The UK economy has also performed more strongly than forecast, as figures out last week showed it narrowly avoided recession in the final months of 2024.

However, economists said there were signs the jobs market was still cooling, albeit less dramatically than feared. The number of workers on company payrolls fell slightly in December, by 14,000, but has been broadly flat since May 2024

Rob Wood, chief UK economist at the consultancy Pantheon Macroeconomics, said: “Employment has stalled rather than collapsed. That is far from a rosy situation as payroll tax hikes, surging global uncertainty and a half year of weak economic growth take a toll on employment. But employment is holding up better than some dire business surveys.”

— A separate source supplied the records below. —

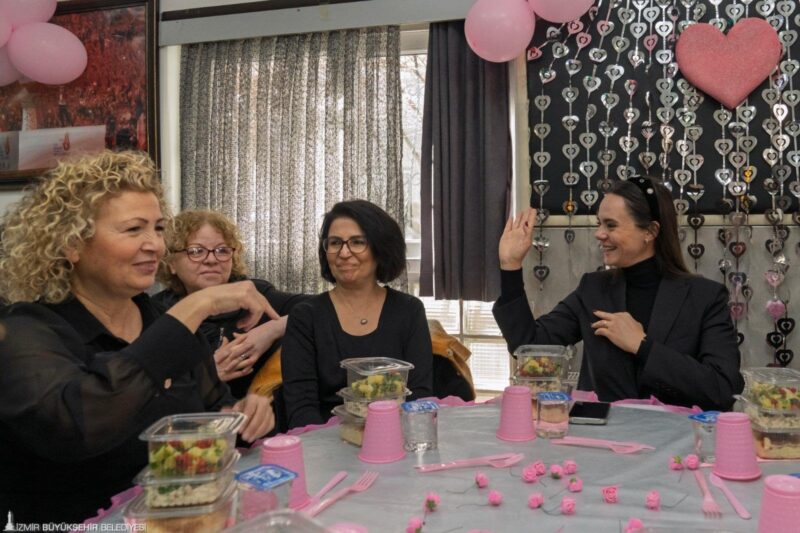 8 Mart Dünya Kadınlar Günü etkinlikleri kapsamında İzmir Sağırları Koruma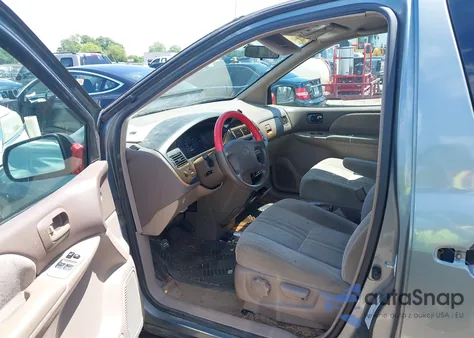 1998 Toyota Sienna Le из США, поврежденный, VIN 4T3ZF13C9WU036694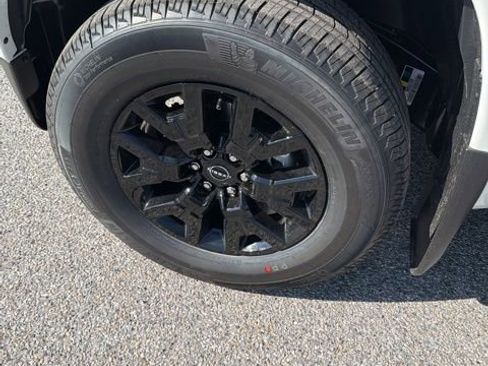 New 2026 Nissan Frontier SV AWD/4WD image 10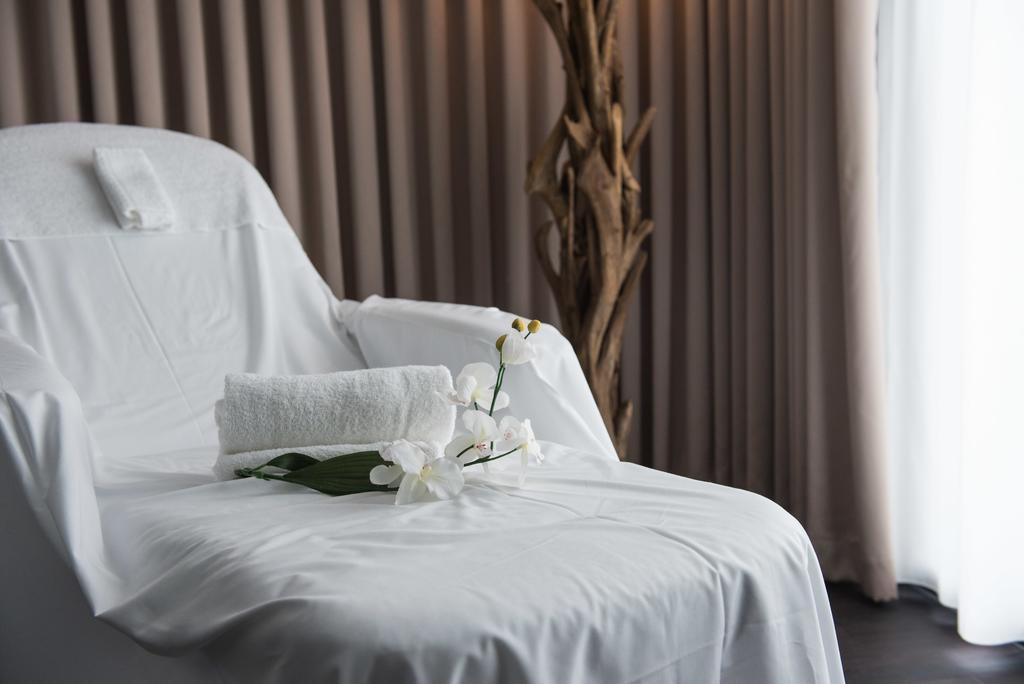 พาร์คโฮเทล ชิลเลอร์ไฮน์ Hotel เครกไฮม์โบลันเดน ภายนอก รูปภาพ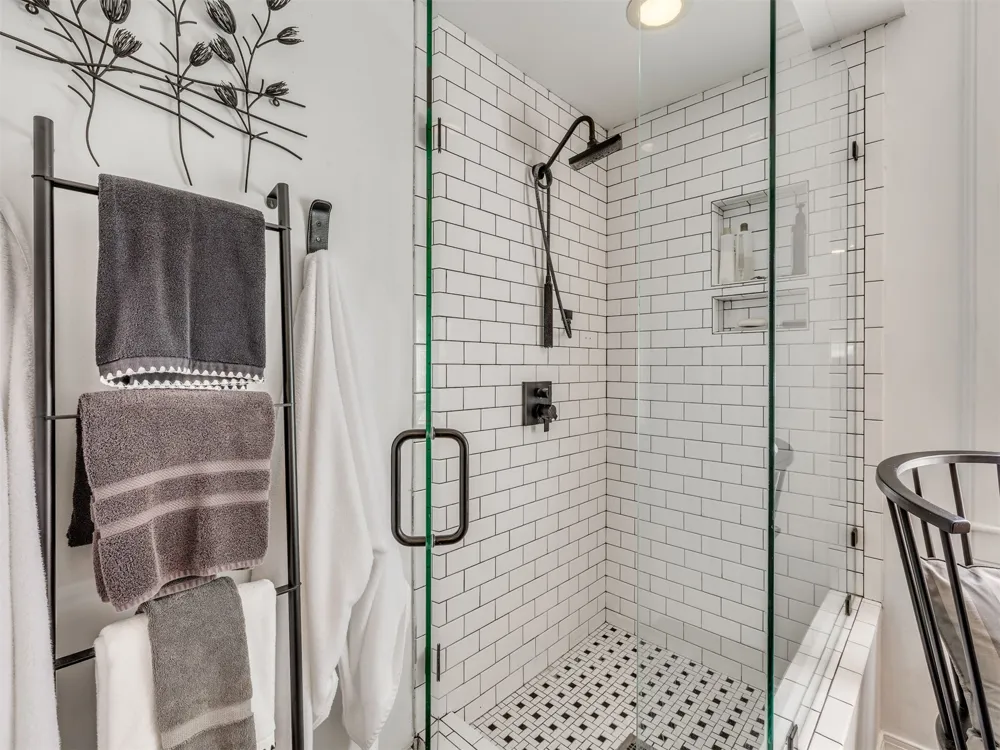 9402 S Vandalia Avenue Tulsa, OK 74137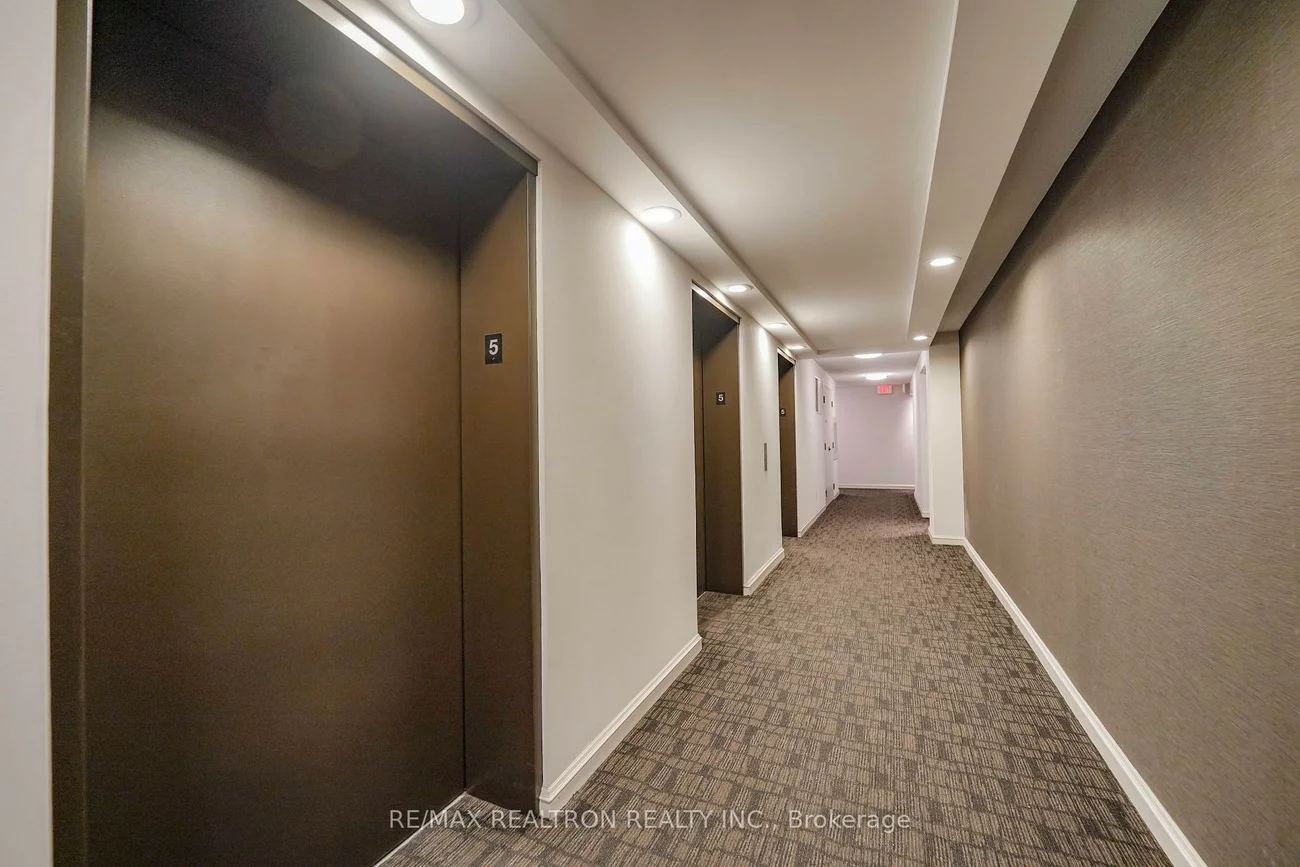 256, Doris, Willowdale East, Toronto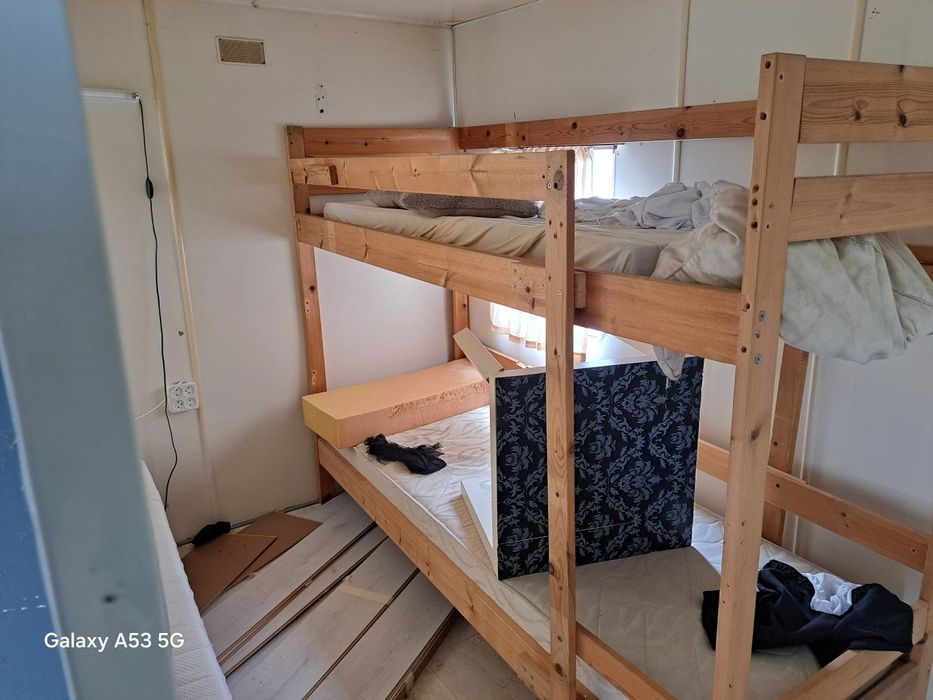 Фургон с колела / каравана / мобилни къщи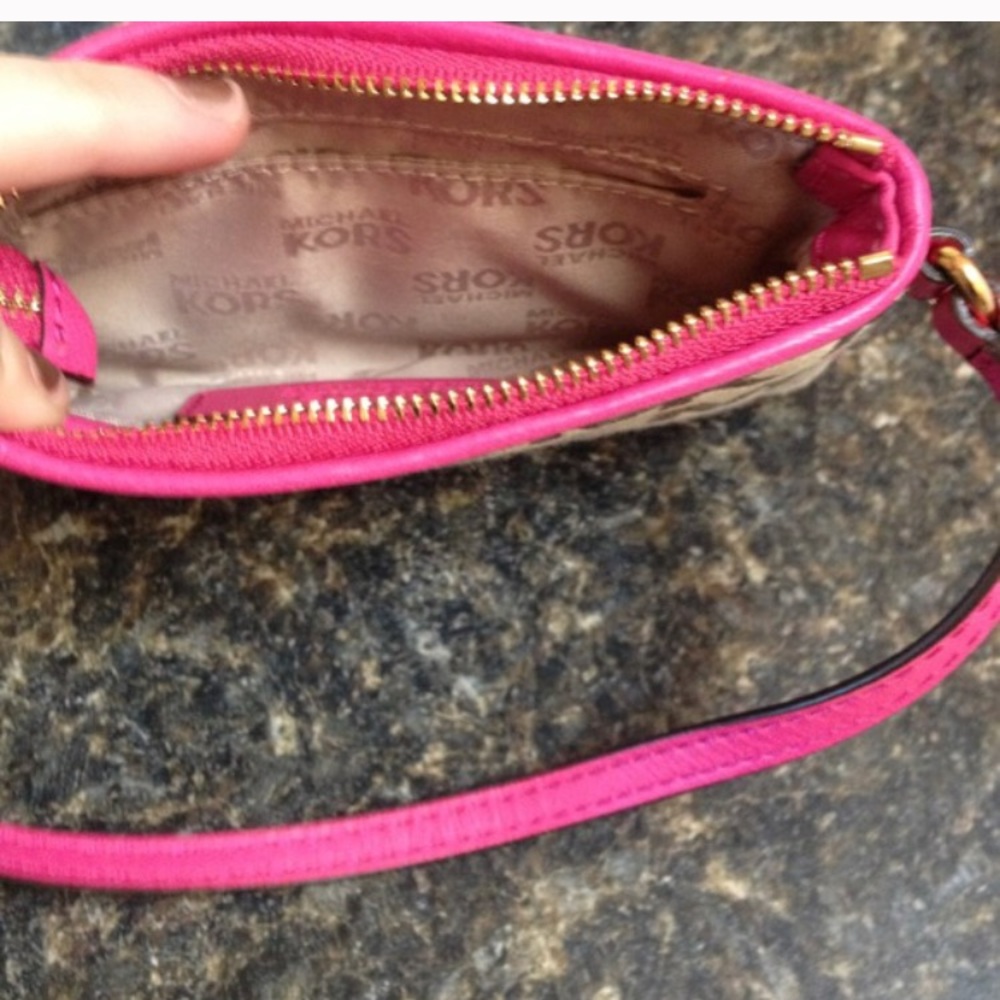 • Final Price • Michael Kors Wristlet - Picture 2 of 3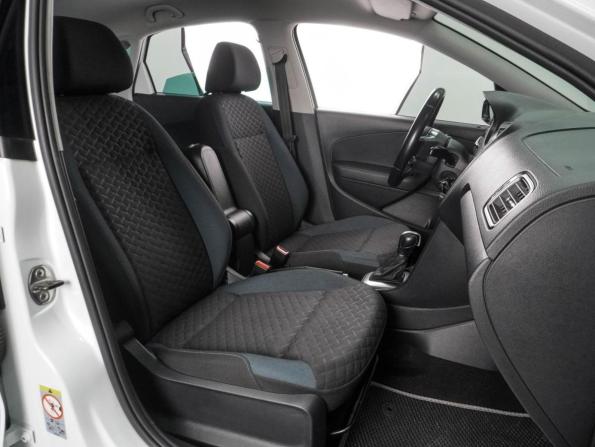 Volkswagen Polo V Рестайлинг с пробегом 2019 года, цена 1 399 000 рублей, 124874 км, седан, Автокод Объявления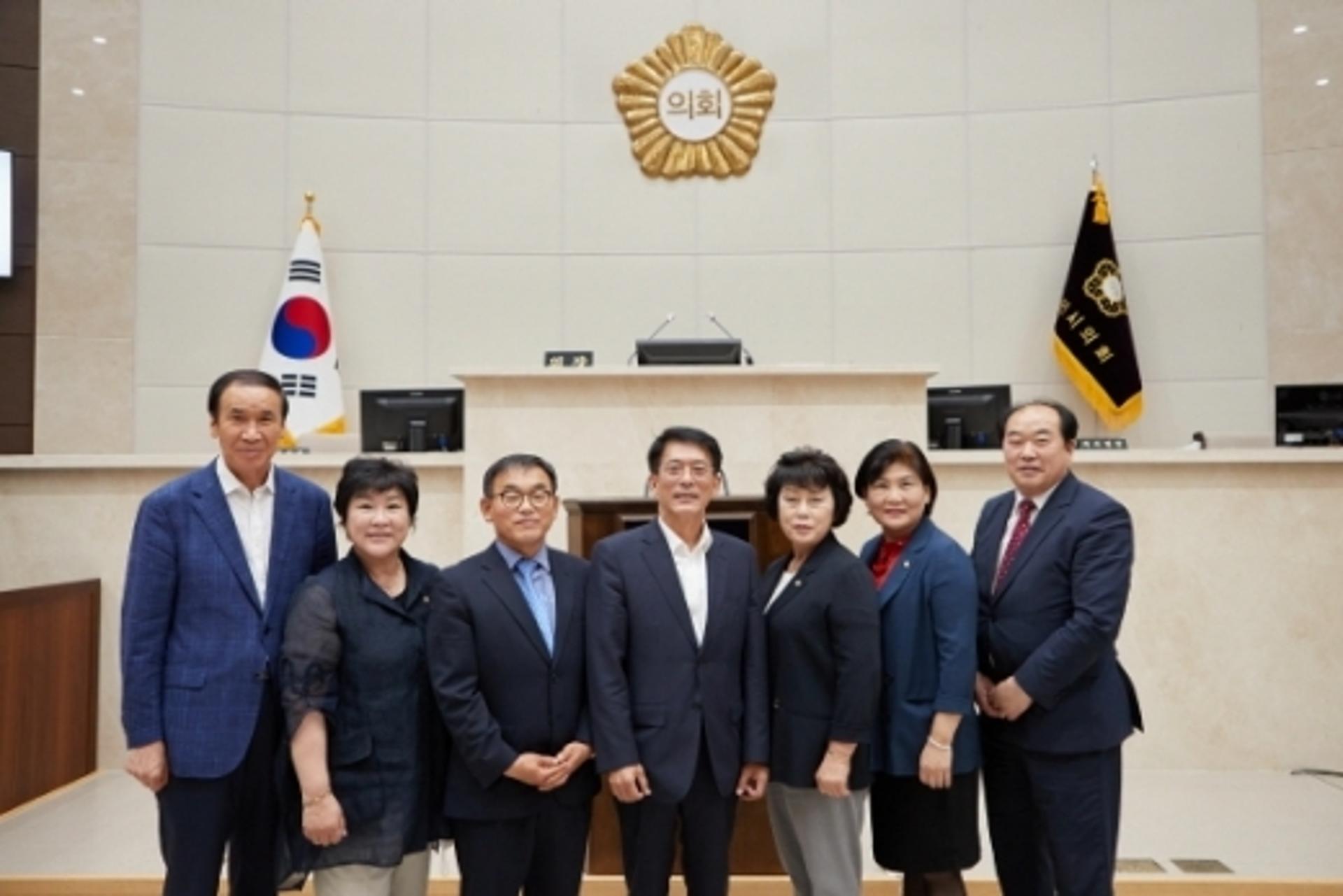 용인시의회, 김기준 후반기 의장 선출
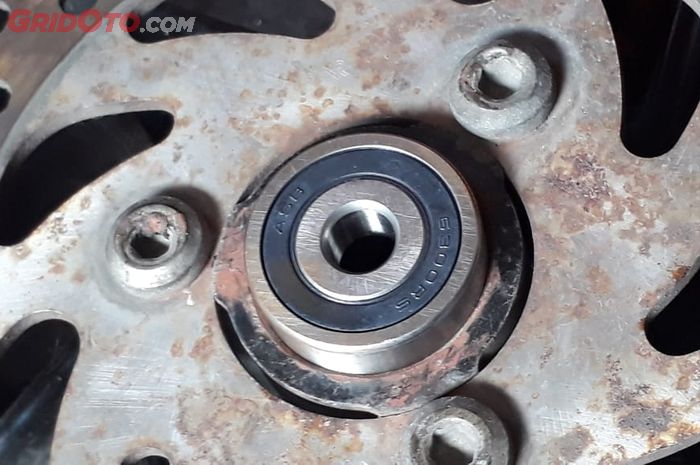 Mekanik Kreatif Ungkap Cara Mudah Akalin Rumah Bearing Roda Aus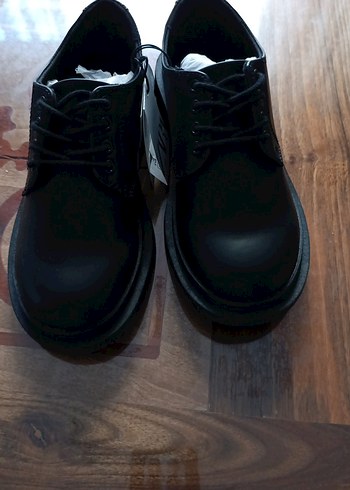 Zara marka Erkek Siyah Klasik Bağcıklı Deri Ayakkabı - Görsel 2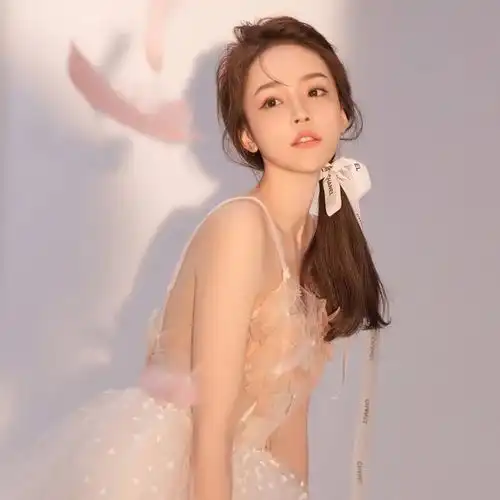 摩羯的弱点一般人看不出,因为隐藏得好啊不给一般人看啊所以就很压抑啊就非常郁闷啊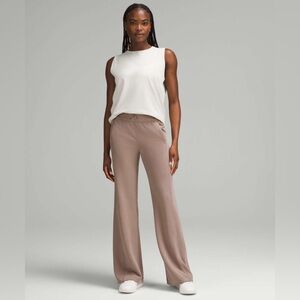 Lululemon Ribbed Softstreme Mid Rise Pant 32" size 4 Taupetastic TPTC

Company bosses have warned that the chancellor’s planned £25bn increase in employers’ national insurance contributions and 6.7% rise in the minimum wage – both coming in from April – could force them to cut jobs. Employer surveys suggest companies are preparing for the biggest round of redundancies in a decade amid collapsing business confidence.

While the labour data released on Tuesday shows little sign of this in the final quarter of last year, the ONS has cautioned there are issues with the quality of the UK’s official jobs market statistics. Experts have argued this leaves policymakers “flying blind” with the prospect that decisions are being taken based on flawed data.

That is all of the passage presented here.